It is important to understand what, exactly, the Chief and his conservative colleagues seemed so eager to endorse. Texas argues that allegations of racism should be treated with great skepticism. So much skepticism, in fact, that the state can draw a district with racist intent, then enact the exact same district into law just two years later. And yet, somehow, the state lawmakers’ original intent was washed away because all they really wanted is to shut down a lawsuit accusing them of racial gerrymandering.

Shocking as this logic may be, it should not be surprising that Roberts seems to buy it. Roberts, after all, is the man who wrote an opinion arguing that we don’t need a fully operational Voting Rights Act anymore because America isn’t racist enough to justify such a law — and he wrote this opinion three years before America elected Donald Trump! He’s also the same man who wrote that two school districts violated the Constitution when they implemented plans to desegregate their schools.

“The way to stop discrimination on the basis of race,” Roberts wrote in a line that could have been delivered by Stephen Colbert’s Comedy Central persona, “is to stop discriminating on the basis of race.”

For all of Roberts’ racial naivete — and his past success in writing this naivete into the law — it is not entirely clear that he has the five votes he needs to prevail in this case. Justice Anthony Kennedy, a conservative with more moderate views on race than Roberts, asked no questions on the merits during the entire oral argument (although he did ask a few questions about whether the Court has jurisdiction to hear the case).

Even if Texas loses this case, it has already won.

It is entirely possible that Kennedy will side with the liberals in Perez, providing a fifth vote to strike down Texas’ maps.
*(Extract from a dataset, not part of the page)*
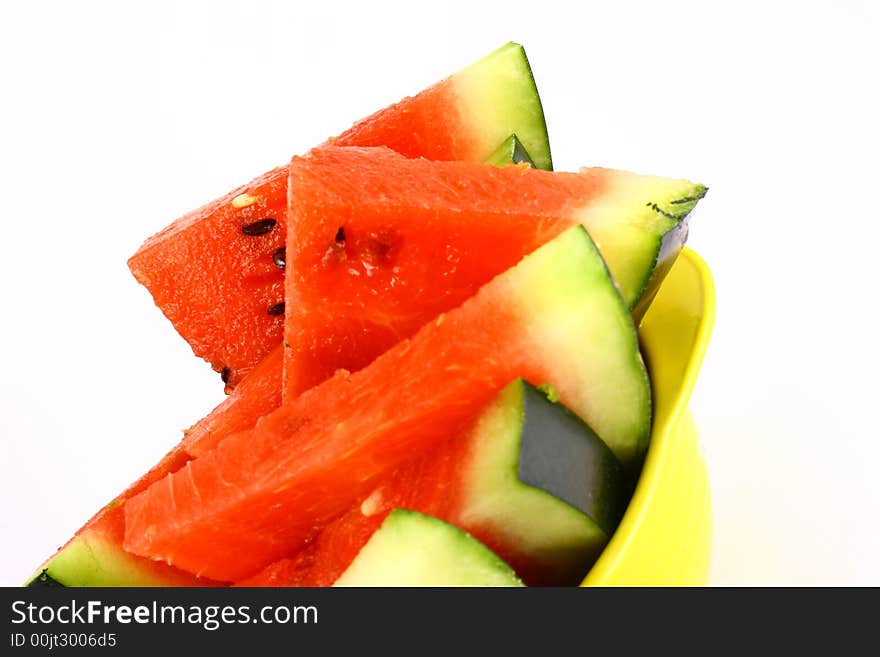 Background of brightly lit red watermelon slices.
But even if Texas loses this case, it has already won. The original gerrymander was drawn in 2011. Texas has been able to run elections under a modified version of this gerrymander since 2012. It is now 2018, and the Supreme Court issued a stay of the lower court’s decision that is likely to leave Texas’ current maps in place for November’s election.
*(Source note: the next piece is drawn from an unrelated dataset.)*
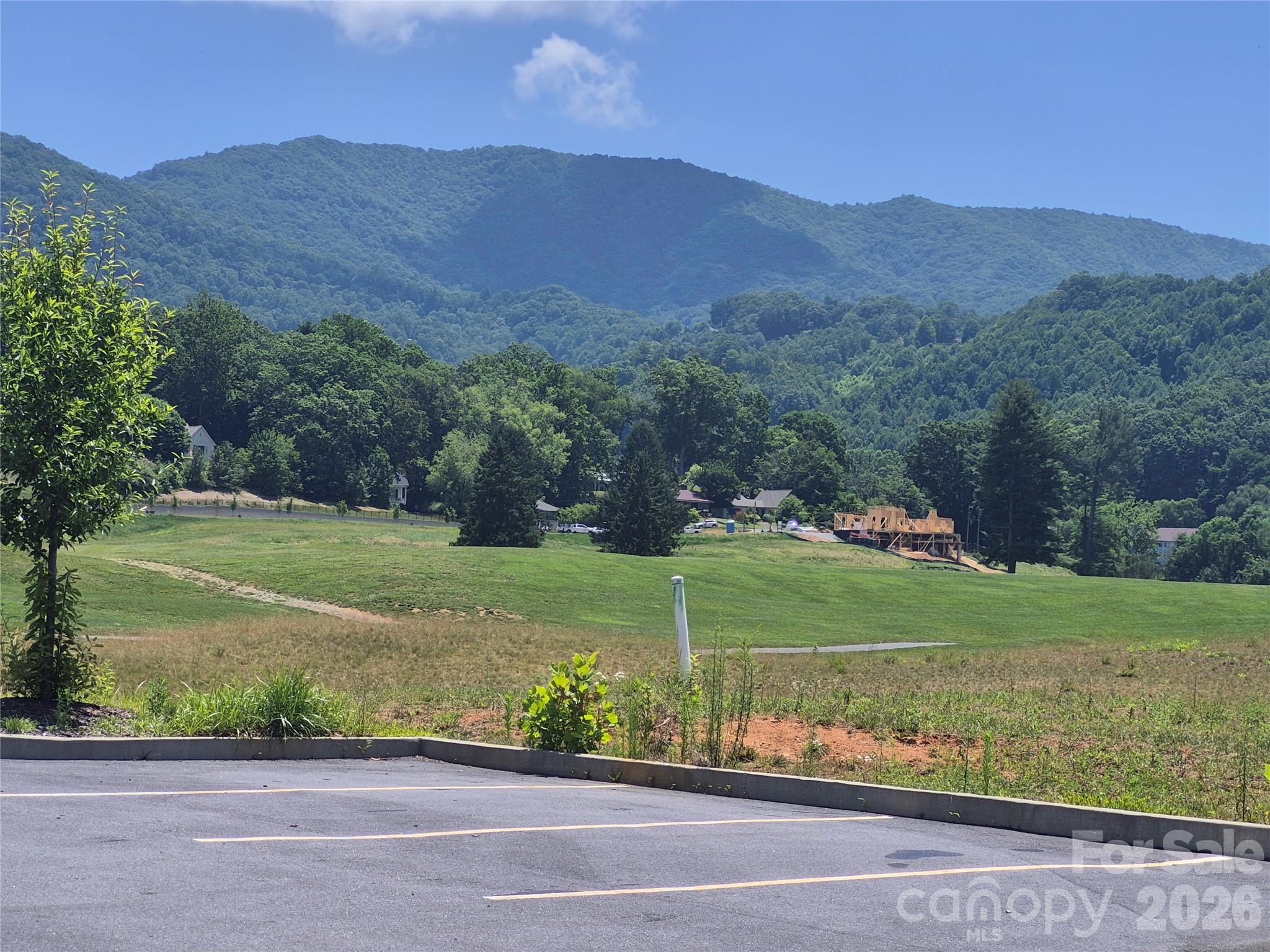 View of lot from 9th green area - 30 Farmer Branch Lane, Waynesville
All of which means it is likely that Texas will only need to run one election — the 2020 election — under newly drawn maps before another Census intervenes and forces the state to draw yet another set of maps. Because of the judiciary’s delay in this case, the districts at issue in Perez went unmolested for four entire election cycles.

More than half a century ago, Congress recognized that this kind of delay was inherent in voting rights litigation. That is why Congress enacted the Voting Rights Act of 1965, with its requirement that certain election laws be scrutinized before they take effect. The way to stop voter suppression is to stop it before it happens.

But, of course, Chief Justice Roberts struck down that provision of the Voting Rights Act, because he thinks that America isn’t racist enough.